What this doesn't prove

I want to be direct about the limitations.

The effects are real but modest at this scale. SmolLM2-135M operates in 576 dimensions. At 30% rank (171 directions), the gap between pretrained and random subspaces disappears entirely. In 576 dimensions, random subspaces have enough accidental overlap with pretrained subspaces that the structural advantage washes out.

This is actually a prediction about scale. In higher dimensional spaces (4096, 8192), random subspaces should have dramatically less accidental overlap with pretrained ones. The genome effect should grow with model size. The cross-modal result supports this: the gap grew from 2.0% at 135M to 3.2% at 1.7B parameters. But I haven't run the developmental experiment at larger scale.

The developmental result is the weakest link. The mask convergence (0.54 vs 0.39) is suggestive but not overwhelming. And the loss variance is identical across groups, meaning structural convergence hasn't translated into functional convergence at this scale.

What this does show

Training converges to deterministic computational subspaces. Four training runs find essentially the same geometry (std/gap = 0.09).

These subspaces define reachability, not speed. Wrong subspaces lead to permanently worse solutions regardless of training duration.

SVD extracts this structure where magnitude pruning fails at scale.

The structure transfers cross-modally. It isn't about domain-specific knowledge. It's about architectural computation patterns.

And when used to guide a developmental process, pretrained structure produces more convergent outcomes than random structure.

The structure is real, deterministic, separable, transferable, and constructive.
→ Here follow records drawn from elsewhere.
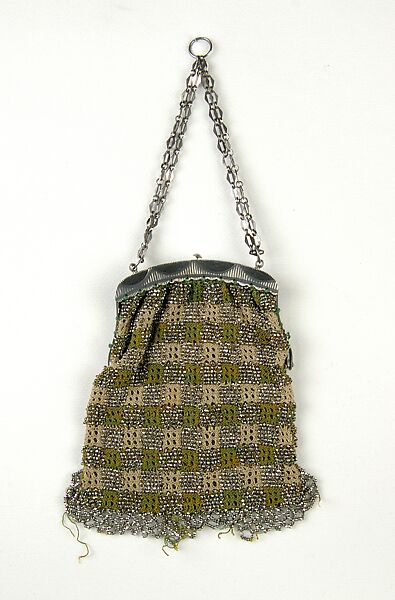 Bag, Silk, metal, American 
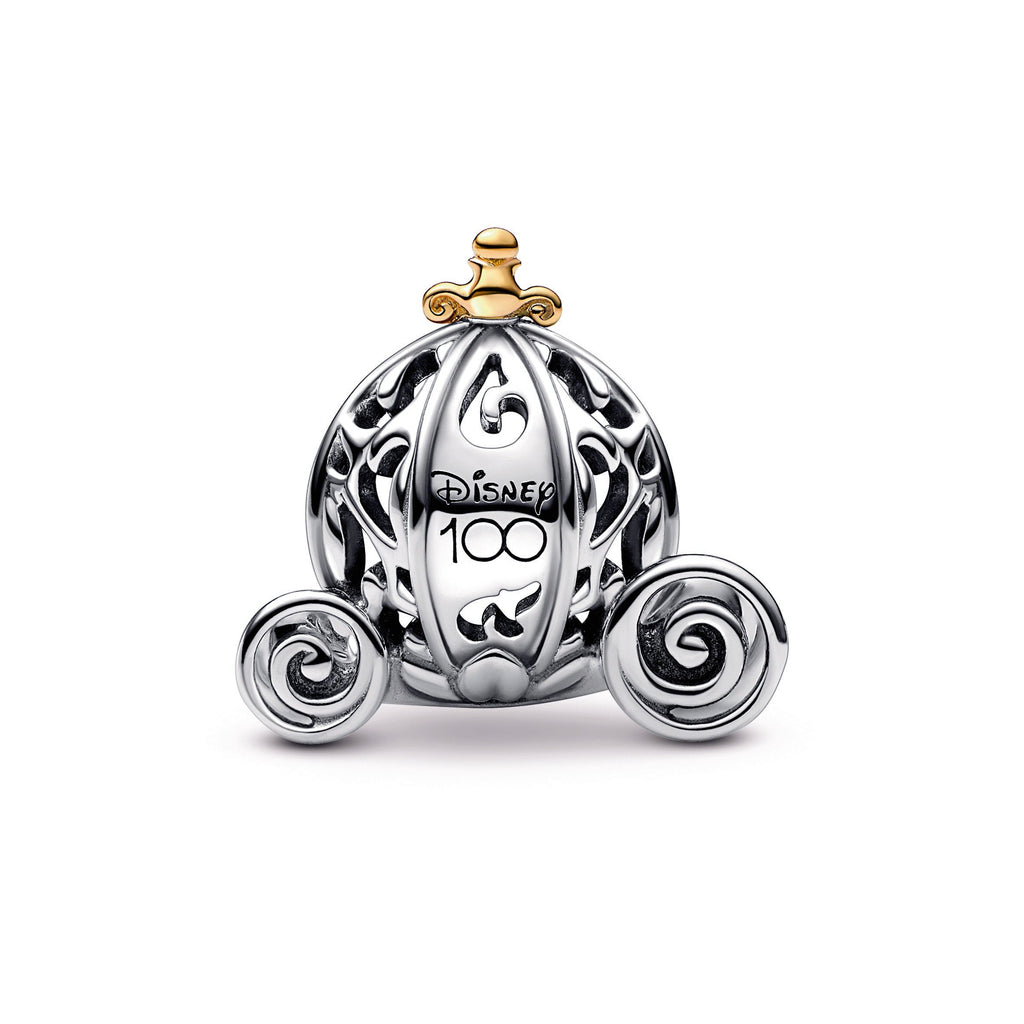 PANDORA Disney 100th Anniversary Cinderella S Enchanted Carriage Charm 14K Gold Charms Bracelet Charm Jewelry Gift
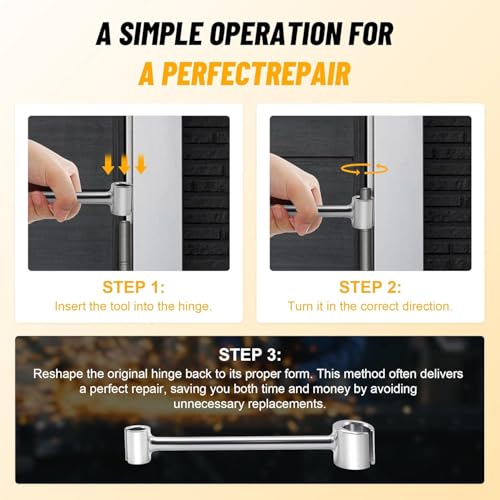 Image of Door Hinge Adjustment Tool for Residential and Commercial, 0.55-0.74 inch Hinge Gap Adjusting Wrench for Door Quick and Efficient Solutions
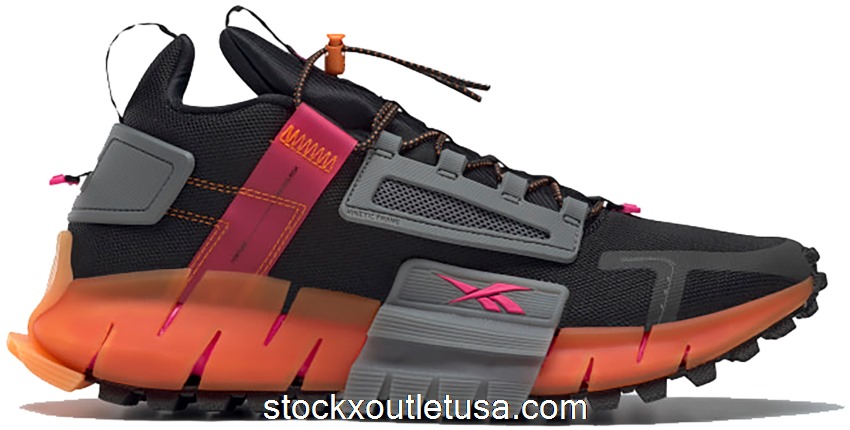Outlet Reebok Zig Kinetica Edge Black Pink Orange FU8182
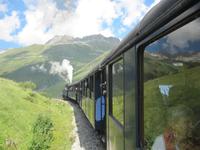 Fahrt mit der Furka-Dampfbahn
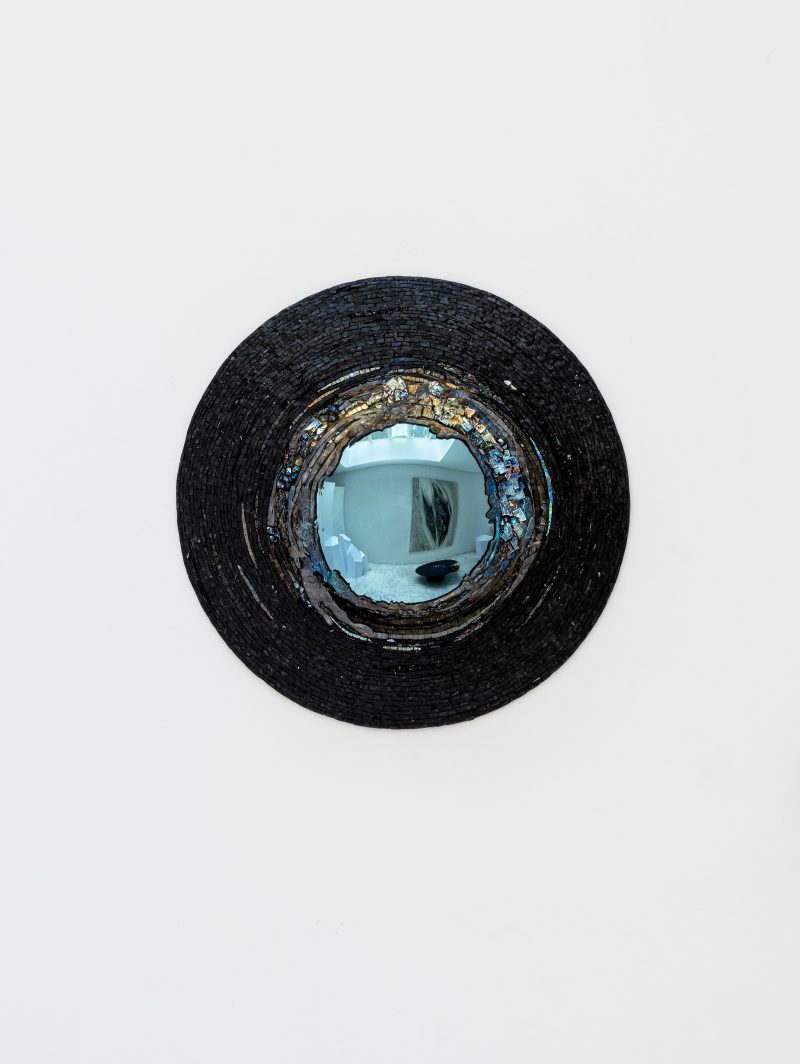 "Blue Vortex" mirror
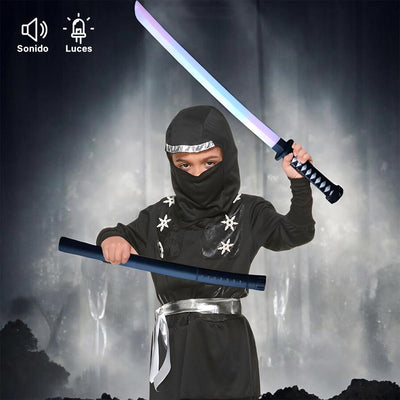 Espada Ninja Katana Samurai Luces Sonidos PT21484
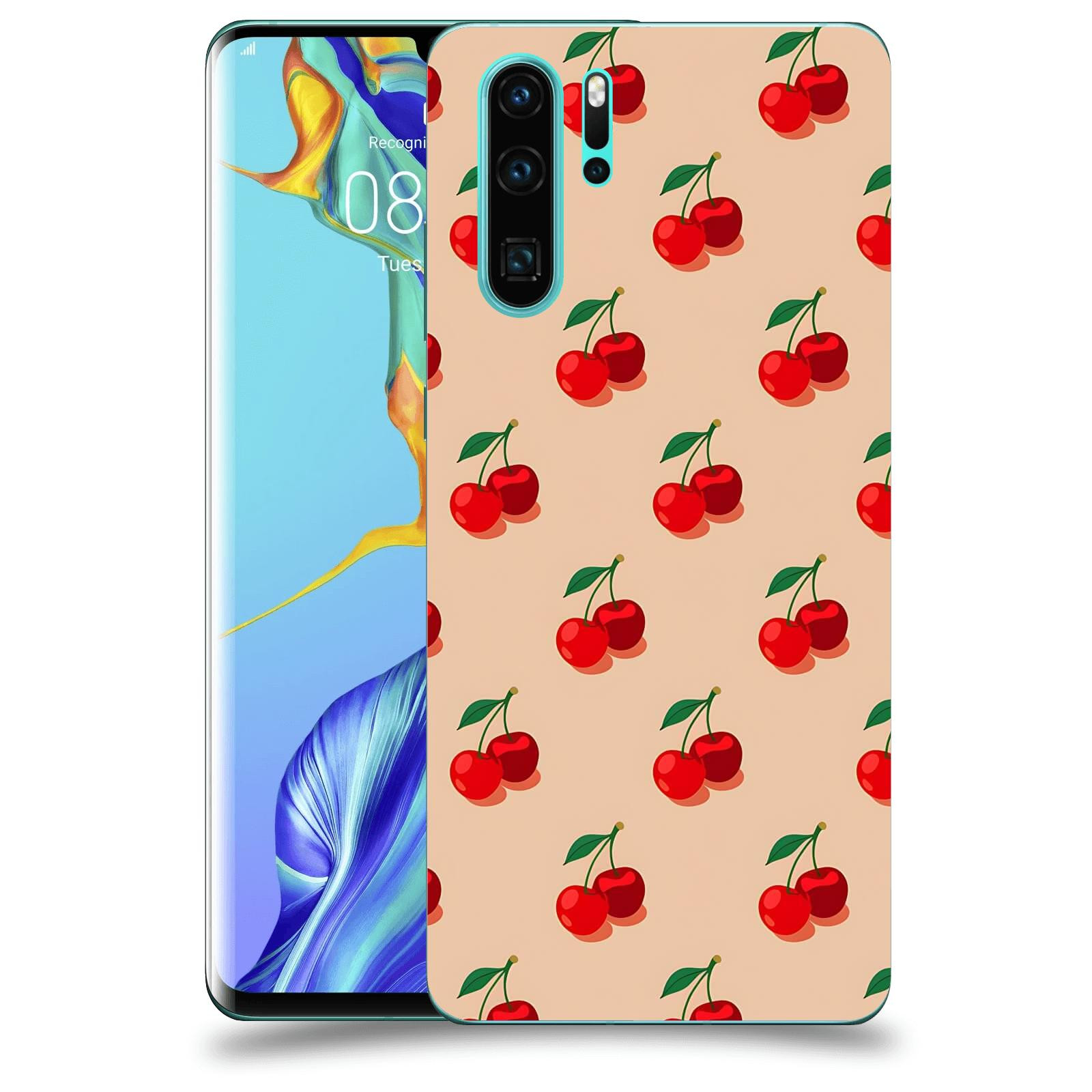 ACOVER Kryt na mobil Huawei P30 Pro - Šťavnaté třešně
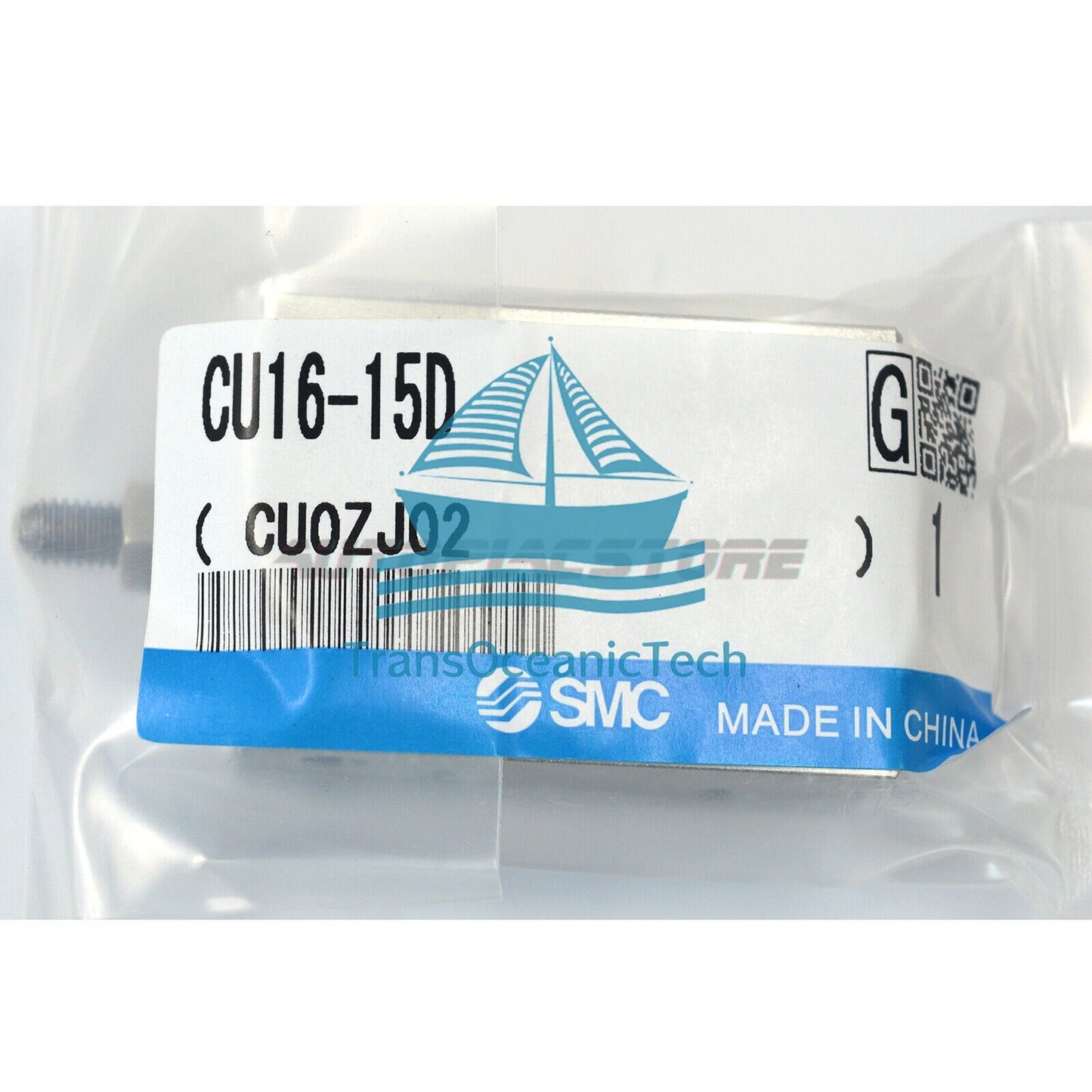 SMC CU16-15D Free Mount Cylinder Double Acting Single Rod Stroke 0.55mm 1PCS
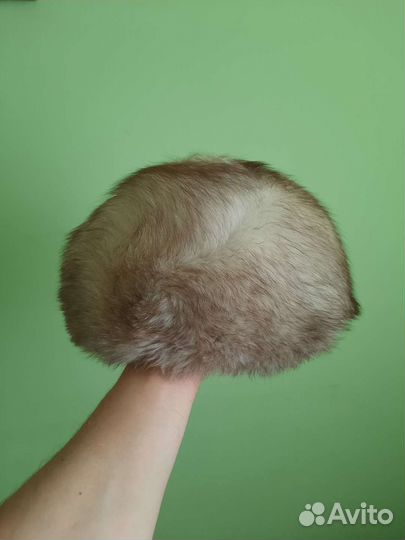 Шапка женская из песца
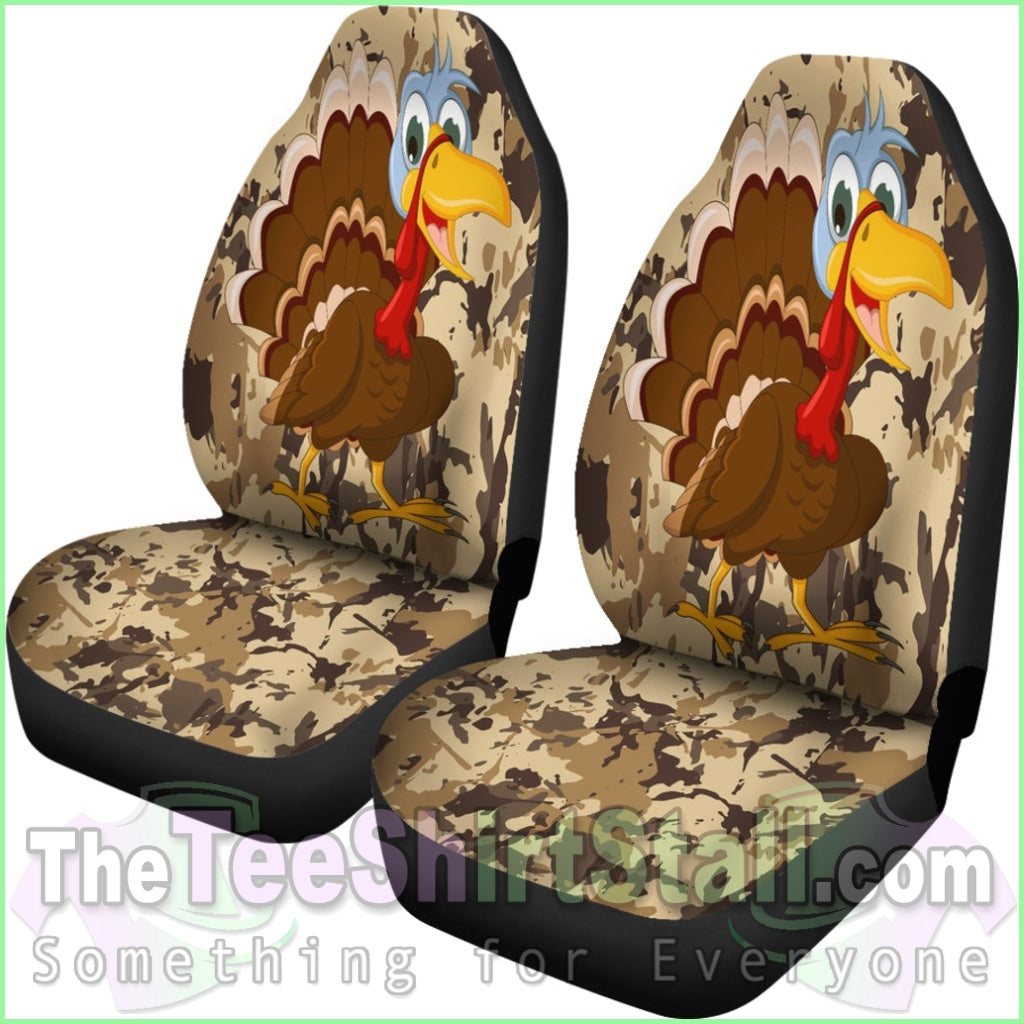 Turkey Lovers Car Seat Covers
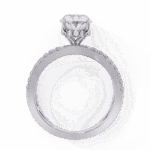 1.5 Carat Oval Cut Eternal Spark Solitaire Ring - Image 3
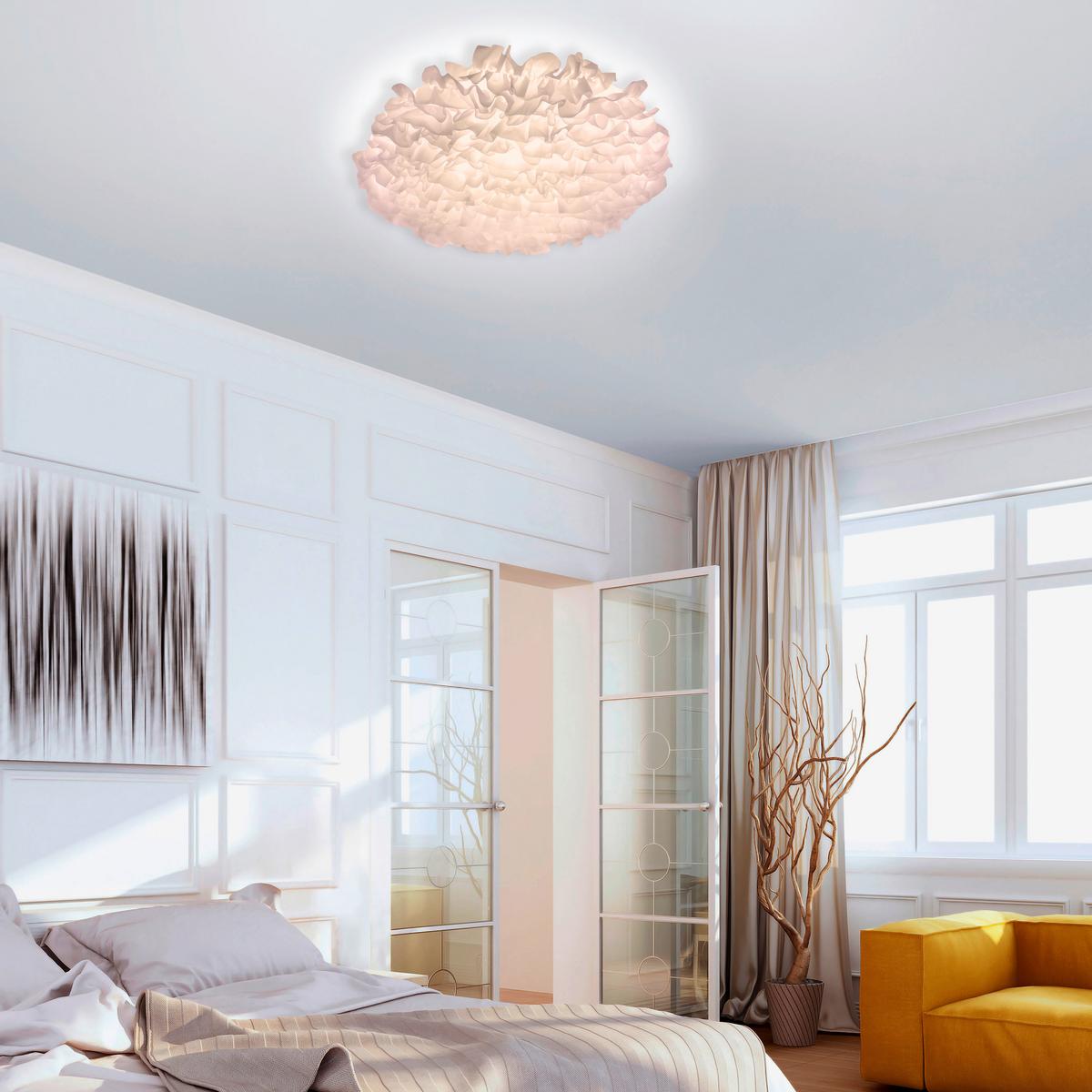 LED-Deckenleuchte Lolasmart Naomi max. 57 Watt - Weiß, LIFESTYLE, Kunststoff/Metall (75/75/20cm)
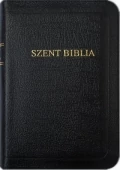 Zsebméretű Károli-Biblia, bőrkötés, aranymetszés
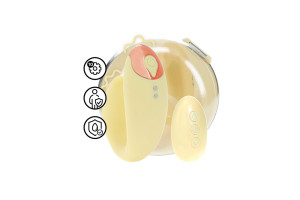 Loveline - Daydream - Parvibrator med ladeetui - Pastell gul
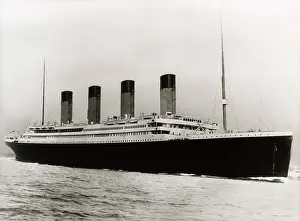 Furnished: RMS Titanic at sea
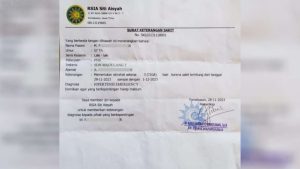 Terkuak Dugaan Pemalsuan Suket Sakit Oknum Kepsek di Omben
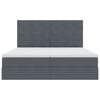 vidaXL Lit de Rangement avec matelas Gris fonc&eacute; 180 x 200 cm Velours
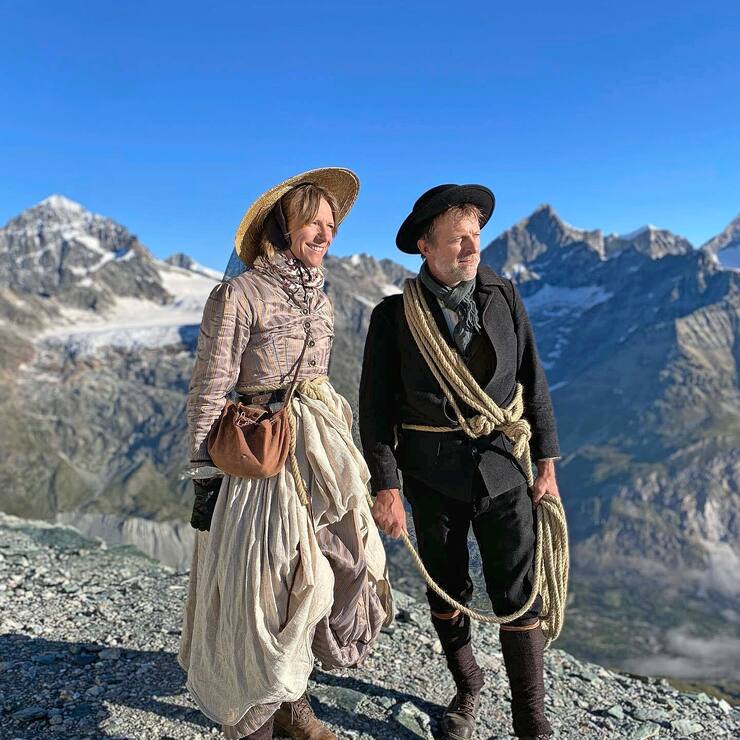 L’historienne Marie-France Hendrikx s’est glissée dans la peau de l’alpiniste Lucy Walker pour son film.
What you do with that framing is a separate question. But the geometry is there in the weights, independent of the weight values, waiting to be read.

Connection to broader ideas

There's a way of thinking about this that I find compelling but can't yet prove. Pretraining might be closer to evolution than to learning. The search process (backprop over billions of tokens) finds compressed structural information, the same way evolution finds compressed structural information in the genome. The resulting weights are a blueprint, not a deployed intelligence.

Biology separated the blueprint from the thing it builds. DNA doesn't think. It builds things that think. The genome stores structure. Development reads that structure and constructs a brain. The brain does the actual computation.

Current AI doesn't have this separation. The weights serve as both blueprint and computer simultaneously. We're trying to make the genome reason, instead of using the genome to build something that reasons.

The developmental experiment is a first attempt at that separation. Extract structure from a big model. Use it to construct a small model through a developmental process. It works, barely. The reading mechanism is primitive. The scale is too small.

But the direction seems right. The structure is there. The question is how to read it.

All experiments run on SmolLM2-135M, SmolLM2-1.7B, Pythia-160M, Pythia-14M, and Qwen 2.5-1.5B. Code and results available at [repo link]. The developmental experiment uses frozen pretrained embeddings and lm_head across all conditions, isolating the transformer layer structure as the only variable.